The output is a joined table containing study, survey, and count information, as well as the estimated prevalence and its 95% confidence interval for each survey.

Note that we have a row for every loaded survey, even when the denominator is zero.
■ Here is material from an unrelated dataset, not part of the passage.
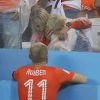 Arjen Robben tente de consoler son fils aîné Luka, en larmes et dans les bras de sa maman Barnadien, après l'élimination des Pays-Bas en demi-finale de la Coupe du monde au Brésil, le 9 juillet 2014 à l'Estadio Mineirao de Sao Paulo, le 9 juillet 2014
To return only surveys with non-zero denominators, use:

s$get_prevalence(target_variant = "crt:76:T", return_full = FALSE)

study_id	study_label	description	access_level	contributors	reference	reference_year	PMID	survey_id	country_name	site_name	latitude	longitude	location_method	location_notes	collection_start	collection_end	collection_day	time_method	time_notes	numerator	denominator	prevalence	prevalence_lower	prevalence_upper
Dama_2017	Reduced ex vivo susceptibility of Plasmodium falciparum after oral artemether-lumefantrine treatment in Mali	NA	public	Dama et al.	https://pubmed.ncbi.nlm.nih.gov/28148267/	2017	28148267	Dama_2017_Bamako_2014	Mali	Koulikoro	12.6129	-8.1356	WWARN lat and long	NA	2014-01-01	2014-12-31	2014-07-02	automated midpoint	NA	130	170	76.47059	69.36751	82.62694

Prevalence of a haploype, and ambiguous matches

Here is another example, this time allowing for ambiguous matches.

s$get_prevalence("crt:76:T", keep_ambiguous = TRUE, prev_from_min = TRUE)

study_id	study_label	description	access_level	contributors	reference	reference_year	PMID	survey_id	country_name	site_name	latitude	longitude	location_method	location_notes	collection_start	collection_end	collection_day	time_method	time_notes	numerator	numerator_min	numerator_max	denominator	prevalence	prevalence_lower	prevalence_upper
Dama_2017	Reduced ex vivo susceptibility of Plasmodium falciparum after oral artemether-lumefantrine treatment in Mali	NA	public	Dama et al.	https://pubmed.ncbi.nlm.nih.gov/28148267/	2017	28148267	Dama_2017_Bamako_2014	Mali	Koulikoro	12.612900	-8.13560	WWARN lat and long	NA	2014-01-01	2014-12-31	2014-07-02	automated midpoint	NA	130	130	130	170	76.47059	69.36751	82.62694
Asua_2019	Changing Molecular Markers of Antimalarial Drug Sensitivity across Uganda	NA	public	Asua et al.	https://pubmed.ncbi.nlm.nih.gov/30559133/	2019	30559133	Asua_2019_Agago_2017	Uganda	Agago	2.984722	33.33055	WWARN lat and long	NA	2017-01-01	2017-12-31	2017-07-02	automated midpoint	NA	0	0	0	0	NA	NA	NA
Asua_2019	Changing Molecular Markers of Antimalarial Drug Sensitivity across Uganda	NA	public	Asua et al.	https://pubmed.ncbi.nlm.nih.gov/30559133/	2019	30559133	Asua_2019_Arua_2017	Uganda	Arua	3.030000	30.91000	WWARN lat and long	NA	2017-01-01	2017-12-31	2017-07-02	automated midpoint	NA	0	0	0	0	NA	NA	NA
Asua_2019	Changing Molecular Markers of Antimalarial Drug Sensitivity across Uganda	NA	public	Asua et al.	https://pubmed.ncbi.nlm.nih.gov/30559133/	2019	30559133	Asua_2019_Kole_2017	Uganda	Kole	2.428611	32.80111	WWARN lat and long	NA	2017-01-01	2017-12-31	2017-07-02	automated midpoint	NA	0	0	0	0	NA	NA	NA
Asua_2019	Changing Molecular Markers of Antimalarial Drug Sensitivity across Uganda	NA	public	Asua et al.	https://pubmed.ncbi.nlm.nih.gov/30559133/	2019	30559133	Asua_2019_Lamwo_2017	Uganda	Lamwo	3.533333	32.80000	WWARN lat and long	NA	2017-01-01	2017-12-31	2017-07-02	automated midpoint	NA	0	0	0	0	NA	NA	NA
Asua_2019	Changing Molecular Markers of Antimalarial Drug Sensitivity across Uganda	NA	public	Asua et al.	https://pubmed.ncbi.nlm.nih.gov/30559133/	2019	30559133	Asua_2019_Mubende_2017	Uganda	Mubende	0.557500	31.39500	WWARN lat and long	NA	2017-01-01	2017-12-31	2017-07-02	automated midpoint	NA	0	0	0	0	NA	NA	NA

A min and max numerator are now given. In this example there is no ambiguity as we are calculating prevalence at a single locus, but for longer haplotypes the min and max can differ. The prevalence and 95% CI calculated using either the min or the max values, specified by the prev_from_min argument.